Uncertainty Determines the Adequacy of the Mode and the Tractability of Decoding in Sequence-to-Sequence Models

TL;DR

This paper investigates how intrinsic uncertainty in NLP tasks influences the effectiveness of sequence-to-sequence models, revealing that high ambiguity affects search strategies and model behavior, and introduces a new exact n-best search algorithm.

Contribution

The study quantifies sentence-level uncertainty in NLP tasks and demonstrates its impact on search and model performance, proposing a novel exact n-best search method for uncertain tasks.

Findings

High uncertainty leads to more beam search errors.

Mode inadequacy is prominent in highly ambiguous tasks.

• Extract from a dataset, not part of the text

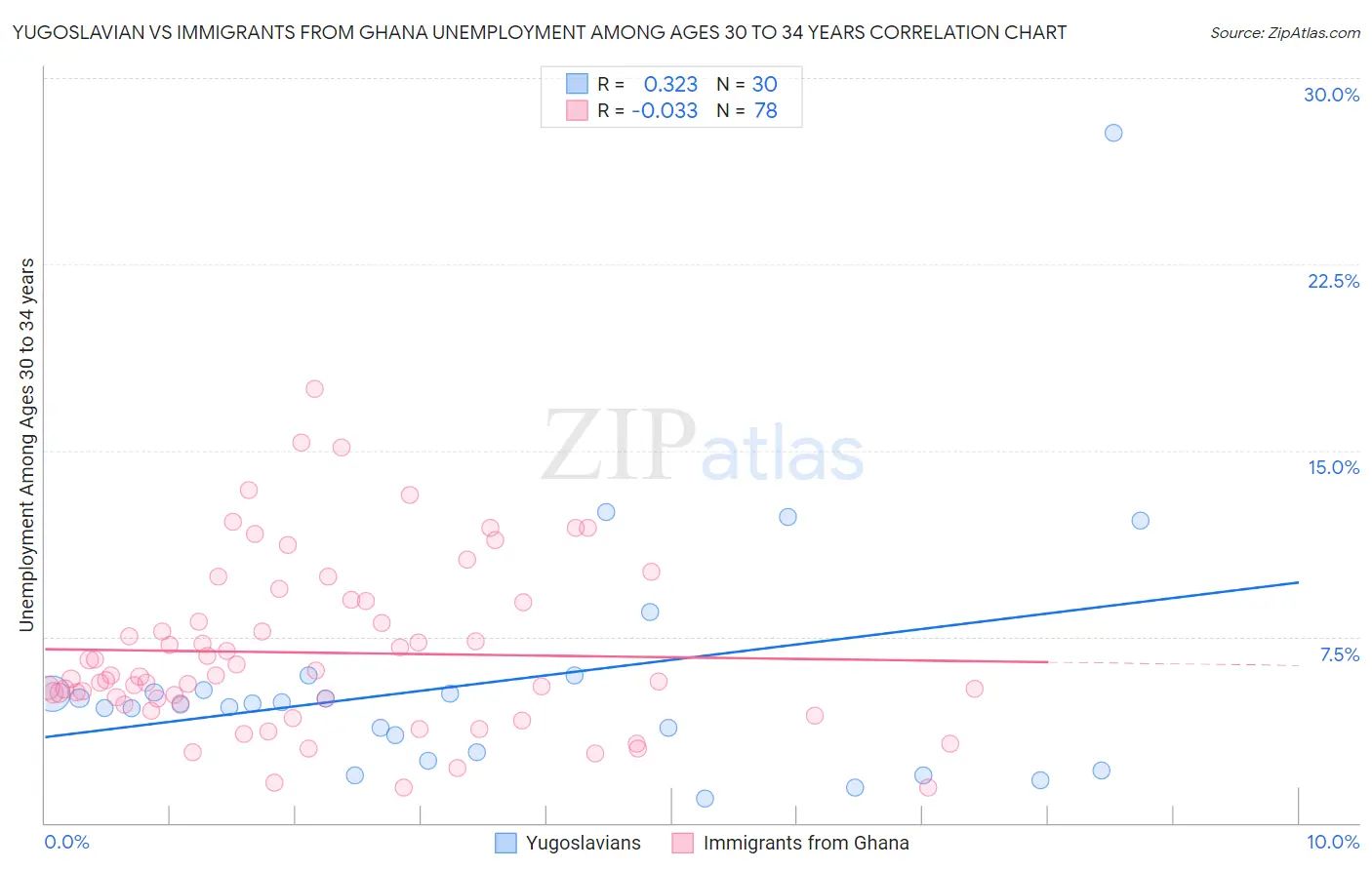 Yugoslavian vs Immigrants from Ghana Unemployment Among Ages 30 to 34 years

The new n-best search algorithm improves decoding accuracy.

Abstract

In many natural language processing (NLP) tasks the same input (e.g. source sentence) can have multiple possible outputs (e.g. translations). To analyze how this ambiguity (also known as intrinsic uncertainty) shapes the distribution learned by neural sequence models we measure sentence-level uncertainty by computing the degree of overlap between references in multi-reference test sets from two different NLP tasks: machine translation (MT) and grammatical error correction (GEC). At both the sentence- and the task-level, intrinsic uncertainty has major implications for various aspects of search such as the inductive biases in beam search and the complexity of exact search. In particular, we show that well-known pathologies such as a high number of beam search errors, the inadequacy of the mode, and the drop in system performance with large beam sizes apply to tasks with high level of ambiguity such as MT but not to less uncertain tasks such as GEC. Furthermore, we propose a novel exact $n$-best search algorithm for neural sequence models, and show that intrinsic uncertainty affects model uncertainty as the model tends to overly spread out the probability mass for uncertain tasks and sentences.